Can someone explain what's going on? why do I see the hang and why does it stop in those three cases?

public class Test {   

    static /* volatile */ long t = 0;
    static long[] counters = new long[2]; 
    static /* volatile */ boolean stop = false;

    static Object o = new Object();
    public static void main(String[] args) 
    {
        Thread t1 = createThread(0);
        Thread t2 = createThread(1);

        t1.start();
        t2.start();

        Thread.sleep(1000);

        stop = true;

        t1.join();
        t2.join();

        System.out.println("counter : " + t + " counters : " + counters[0] + ", " + counters[1]  + " (sum  : " + (counters[0] + counters[1]) + ")");

    }

    private static Thread createThread(final int i)
    {
        Thread thread = new Thread() { 
            public void run() {
                while (!stop)
                {
//                  synchronized (o) {                      
                        t++;
//                  }

//                  if (counters[i] % 1000000 == 0)
//                  {
//                      System.out.println(i + ")" + counters[i]); 
//                  }
                    counters[i]++;
                }
            }; 
        };
        return thread;
    }
}
Yossi Vainshtein
  • 3,845
  • 4
  • 23
  • 39

4 Answers4

8

It seems that the main thread is stuck on on t1.join() line, even though both worker threads should finish because of the stop = true from previous line.
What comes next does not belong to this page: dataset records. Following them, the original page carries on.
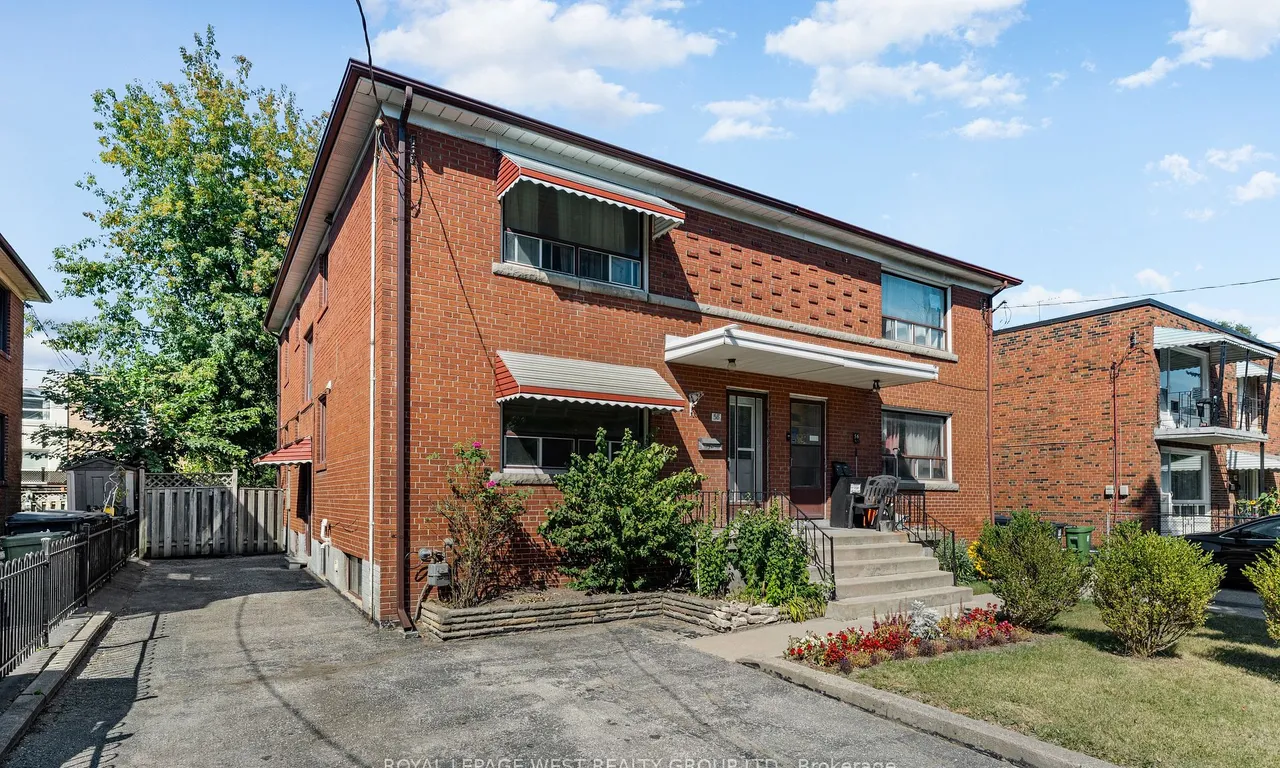 58 Mendota Rd, Toronto, ON M8Y 1G2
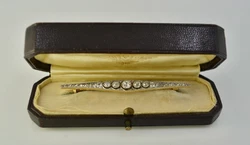 Hallmarks: 750/1000 gold, platinum 
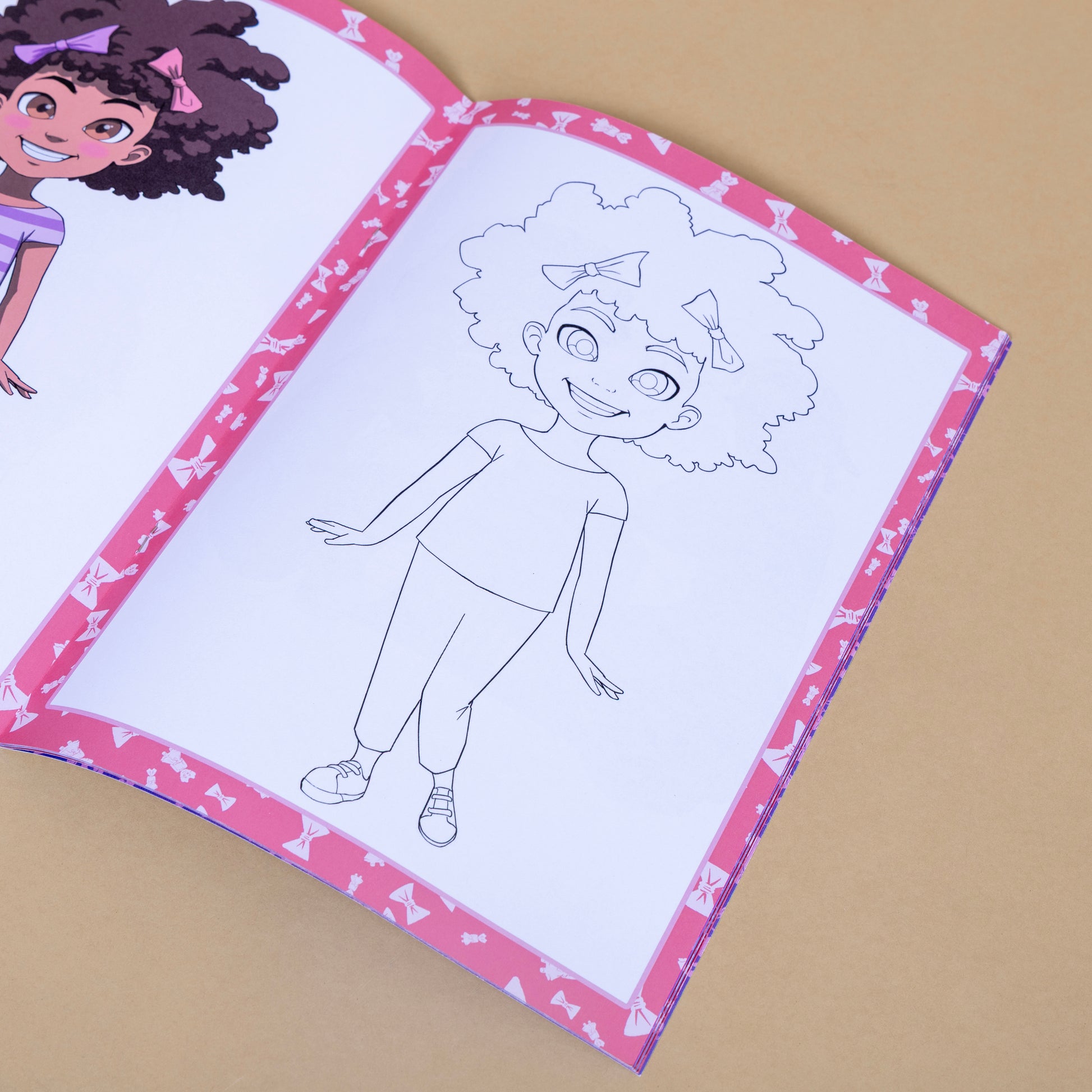 Page du livre de coloriage afro avec personnage à colorier, livre enfant noir.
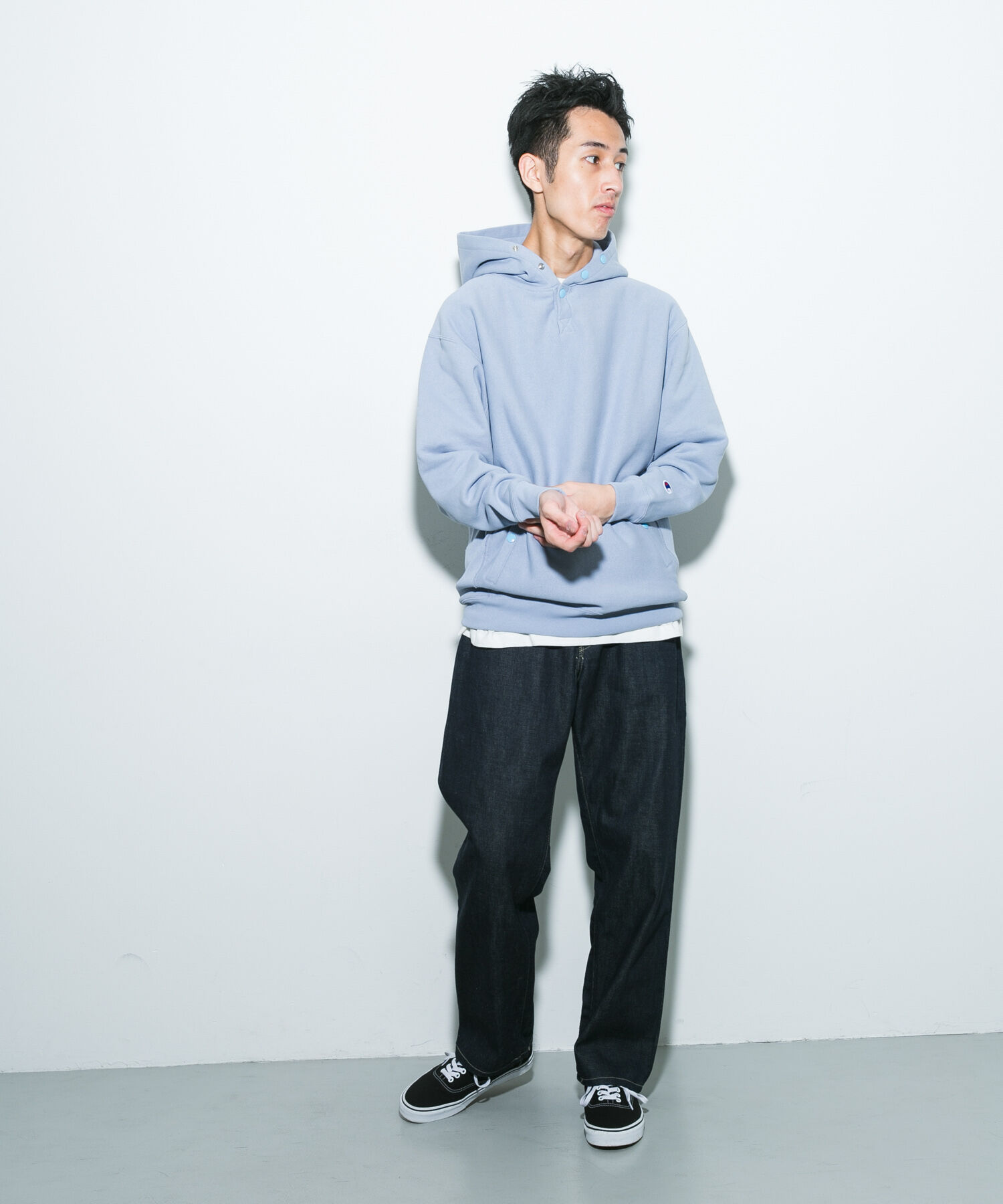 URBAN RESEARCH DOORS「『別注』Champion&times;DOORS　HALF SNAP PARKA」|パーカー|
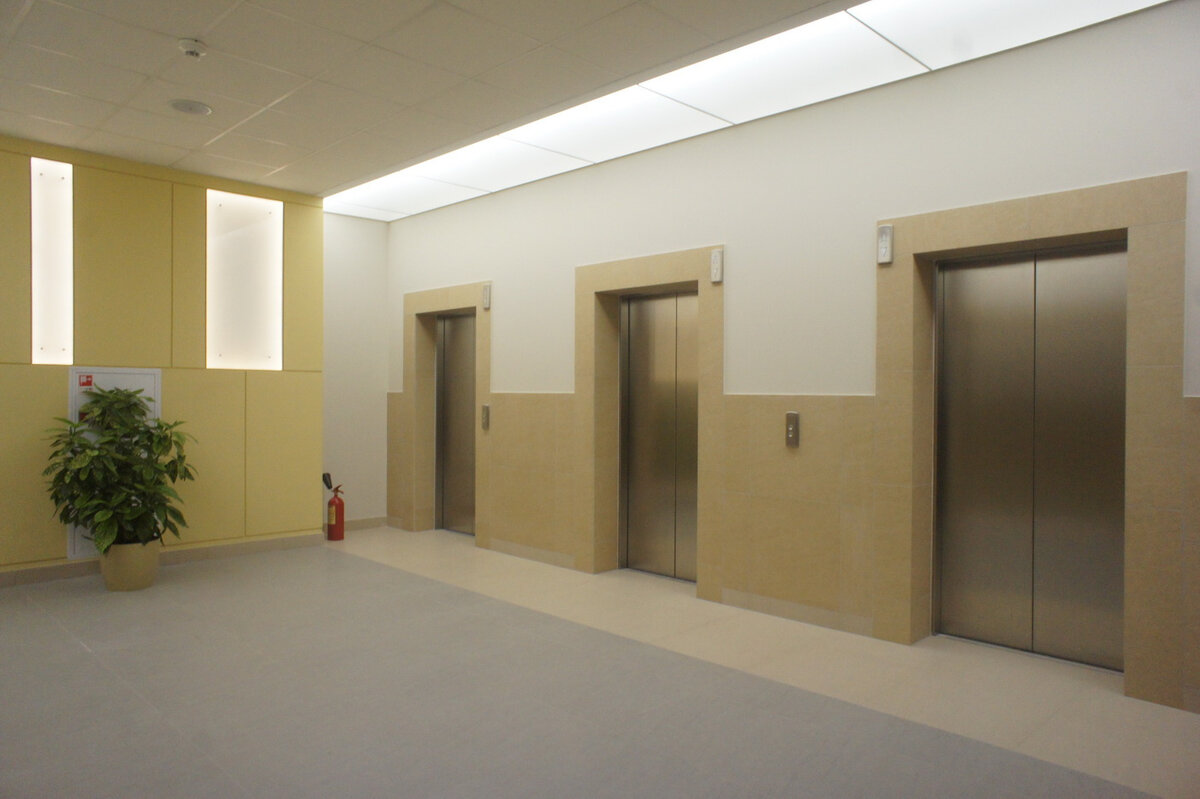 Монтажник лифтового оборудования. Лифт сиблифт 2022. Монтаж лифтового оборудования. Монтажник лифтов. Ремонт лифтов в санкт петербурге.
In the absence of volatile, locking, or other safe publication mechanism, the JVM has no obligation to ever make stop = true visible to other threads. Specifically applied to your case, while your main thread sleeps for one second, the JIT compiler optimizes your while (!stop) hot loop into the equivalent of

if (!stop) {
    while (true) {
        ...
    }
}

This particular optimization is known as "hoisting" of the read action out of the loop.

I found that the hanging stops if :

  • I add some printing inside the worker threads (as in the comments), probably causing the worker threads to sometime give up CPU

No, it's because PrintStream::println is a synchronized method. All known JVMs will emit a memory fence at the CPU level to ensure the semantics of an "acquire" action (in this case, lock acquisition), and this will force a reload of the stop variable. This is not required by specification, just an implementation choice.

  • If I mark the flag boolean stop as volatile, causing the write to immediately be seen by worker threads

The specification actually has no wall clock-time requirements on when a volatile write must become visible to other threads, but in practice it is understood that it must become visible "very soon". So this change is the correct way to ensure that the write to stop is safely published to, and subsequently observed by, other threads reading it.

  • If I mark the counter t as volatile... for this I have no idea what causes the un-hanging.

These are again the indirect effects of what the JVM does to ensure the semantics of a volatile read, which is another kind of a "acquire" inter-thread action.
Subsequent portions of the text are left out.